# PROVIDED DATA
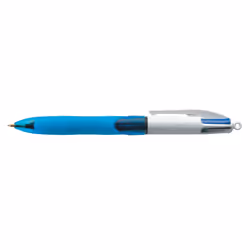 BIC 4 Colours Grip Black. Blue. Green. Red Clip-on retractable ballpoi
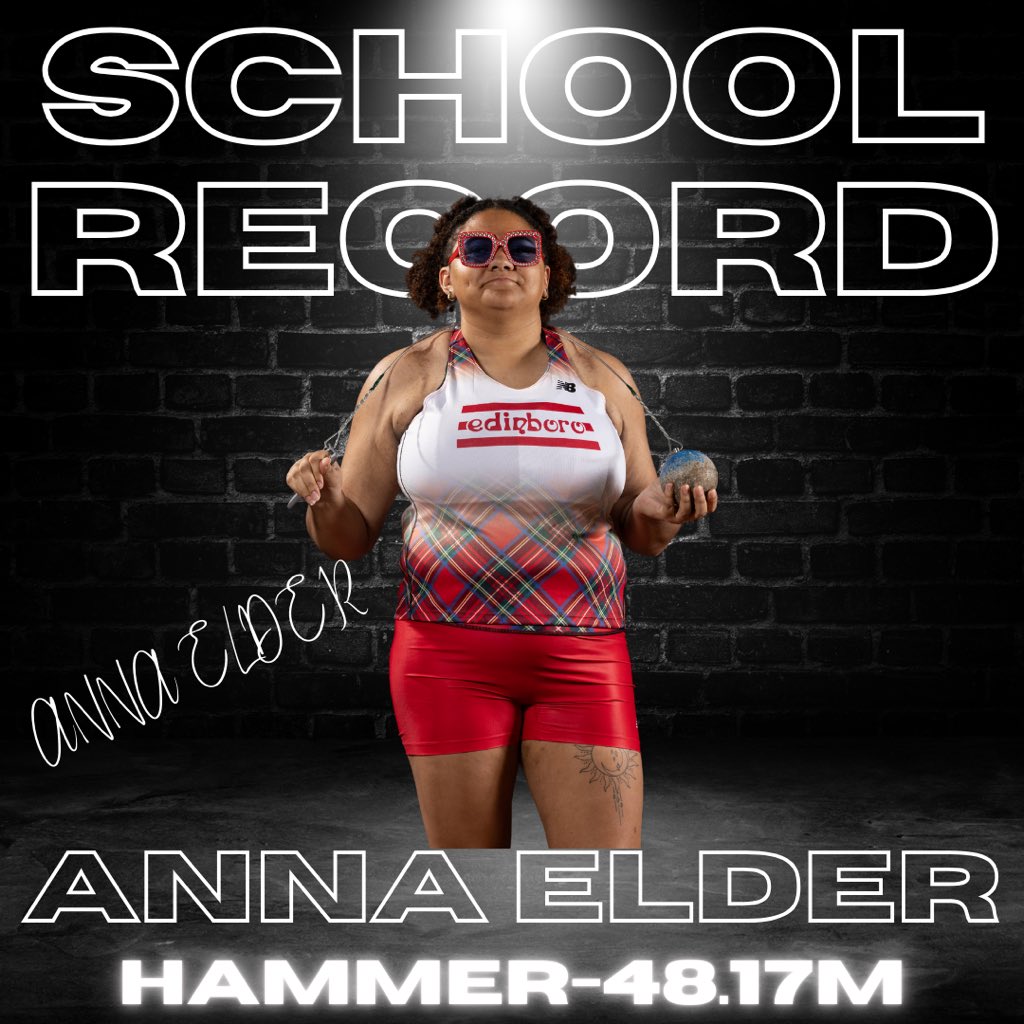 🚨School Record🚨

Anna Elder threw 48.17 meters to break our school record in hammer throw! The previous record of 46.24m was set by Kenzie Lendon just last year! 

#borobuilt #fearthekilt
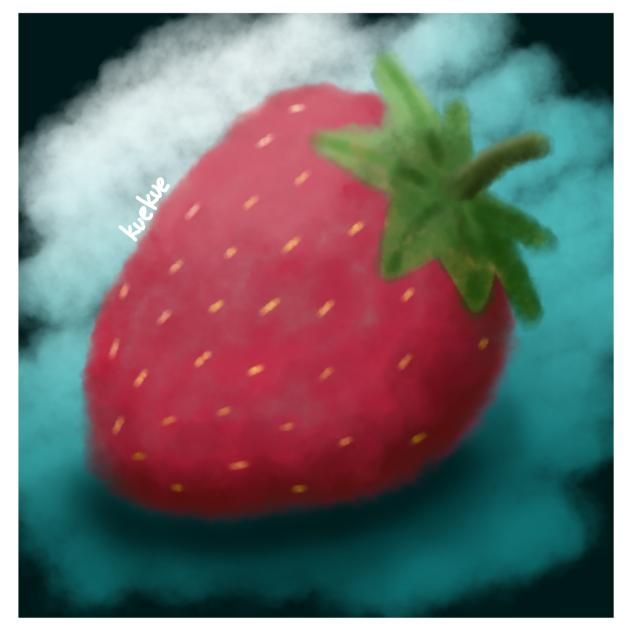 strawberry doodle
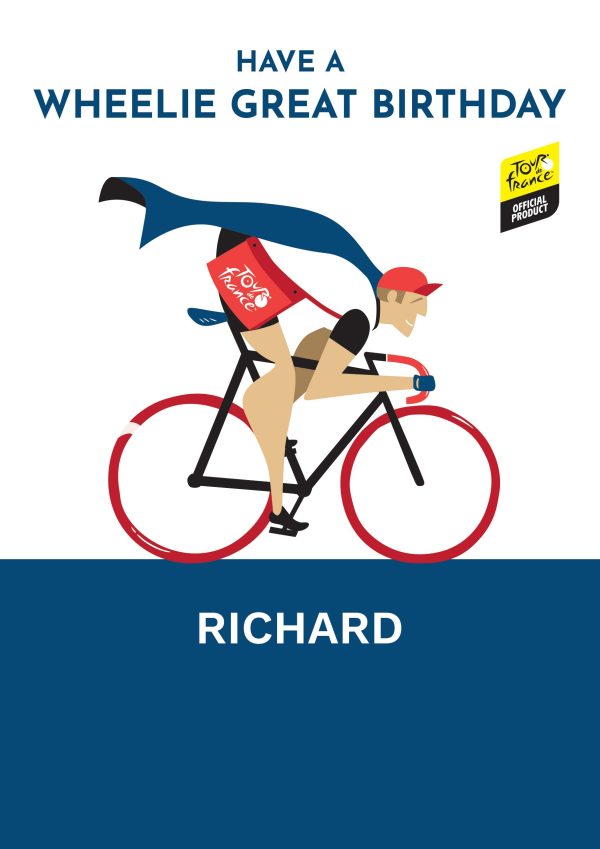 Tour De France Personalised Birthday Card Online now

* * *

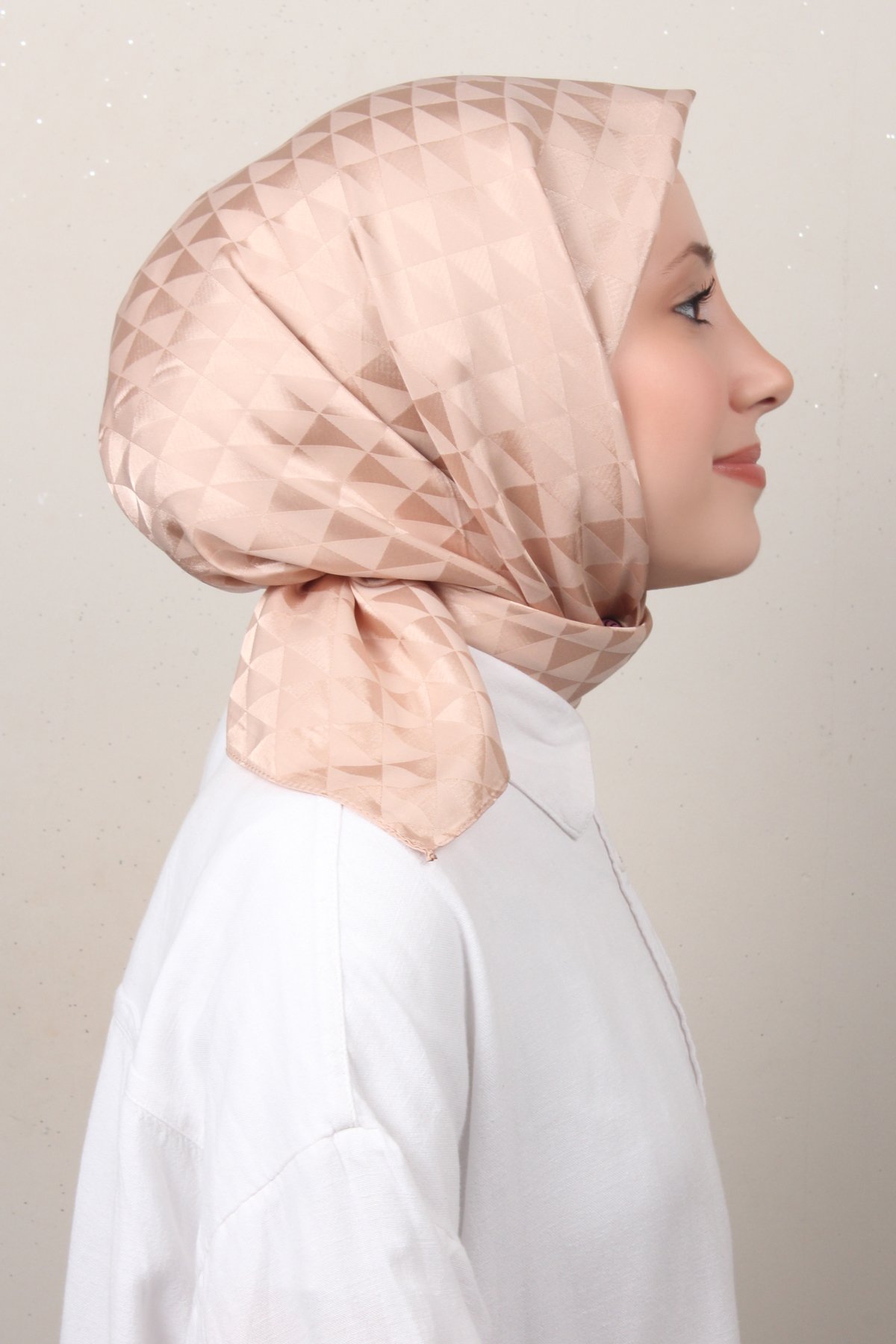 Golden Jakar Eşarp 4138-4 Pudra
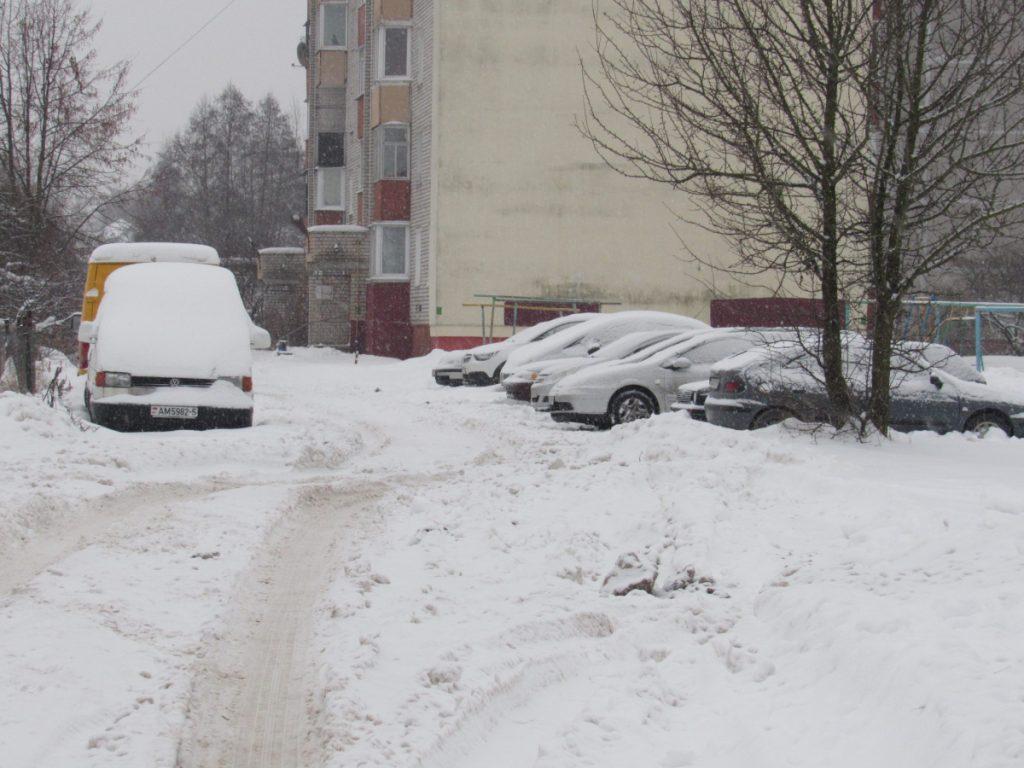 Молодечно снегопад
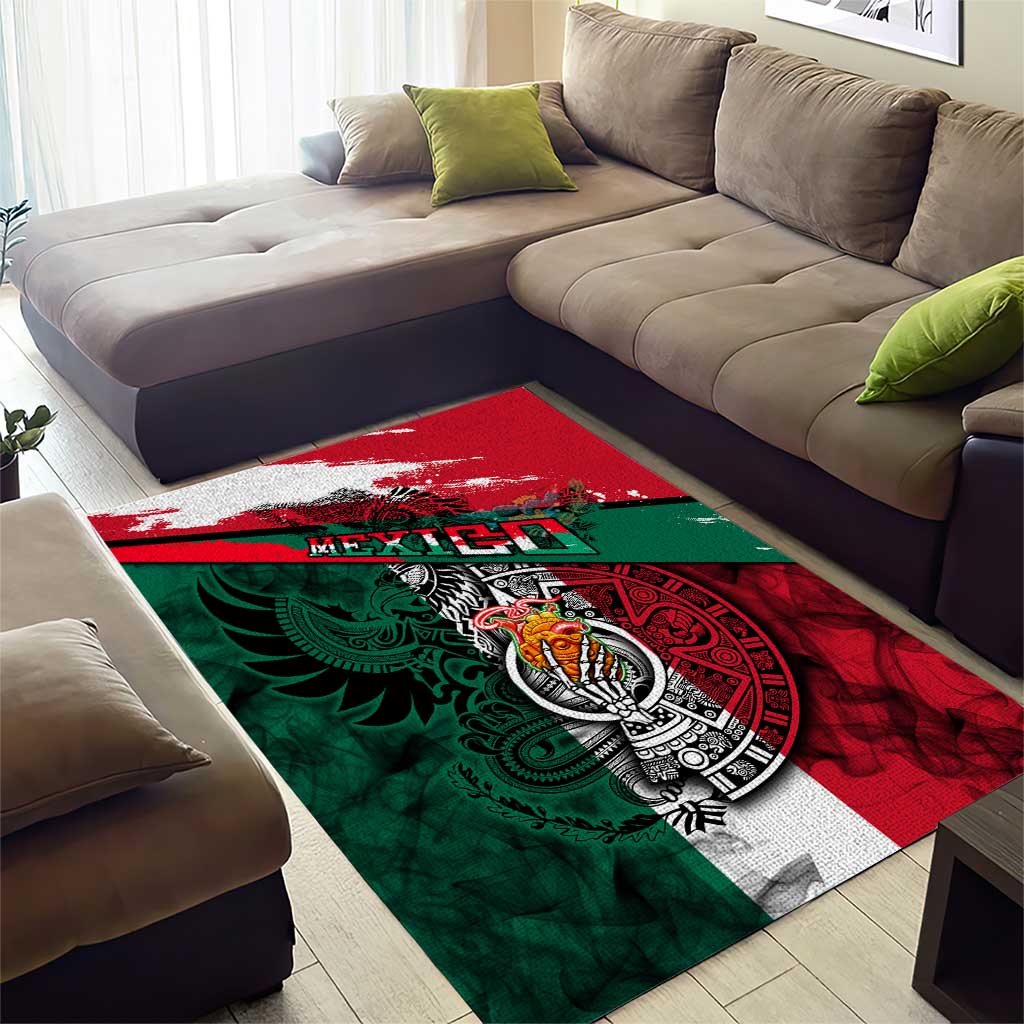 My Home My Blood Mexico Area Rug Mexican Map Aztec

# ACTIVITY
Now transcribe the lines above exactly, starting at the line containing "Golden Jakar Eşarp 4138-4 Pudra" and ending at the line containing "My Home My Blood", both lines included, pictures excluded.

# YOUR RESPONSE
 Golden Jakar Eşarp 4138-4 Pudra
 Молодечно снегопад
 My Home My Blood Mexico Area Rug Mexican Map Aztec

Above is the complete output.